Of course, the light of Thy countenance' is a very obvious and natural symbol for favour, complacency, goodwill on the part of Him that is conceived of as looking on any one. We read, for instance, in reference to a much lower subject in the Book of Proverbs, In the light of the king's countenance is life, and his favour is as a cloud of the latter rain.' Again we have, in the Levitical benediction, the phrase accompanied in the parallel clauses by what is really an explanation of it, The Lord cause His face to shine upon thee and be gracious unto thee.' So that the simple and obvious meaning of the words, the light of Thy countenance,' is the favour and lovingkindness of God manifested in that gracious Face which He turns to His servants. As for the other chief word in the clause, to walk' is the equivalent throughout Scripture for the conduct of the active life and daily conversation of a man, and to walk in the light is simply to have the consciousness of the divine Presence and the experience of the divine lovingkindness and friendship as a road on which we travel our life's journey, or an atmosphere round us in which all our activities are done and in which we ever remain, as a diver in his bell, to keep evil and sin from us.

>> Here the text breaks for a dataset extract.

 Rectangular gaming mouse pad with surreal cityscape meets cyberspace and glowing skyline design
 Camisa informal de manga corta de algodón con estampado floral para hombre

There is only one more remark in the nature of explanation which I make, and that ,is that the expression here for walking is cast in the original into a form which grammarians call intensive, strengthening the simple idea expressed by the word. We may express its force if we read, They walk continually in the light of Thy countenance.'
Is not that just a definition of the Christian life as an unbroken realisation of the divine Presence, and an unbroken experience of the lovingkindness and favour of God? Is not that religion in its truest, simplest essence, in its purest expression? The people who are sure that they have their King in their midst, and who feel that He is looking down upon them with tender pity, with loving care, with nothing but friendship and sweetness in His heart, these people, says the Psalmist, are blessed. So much, then, for the meaning of the word.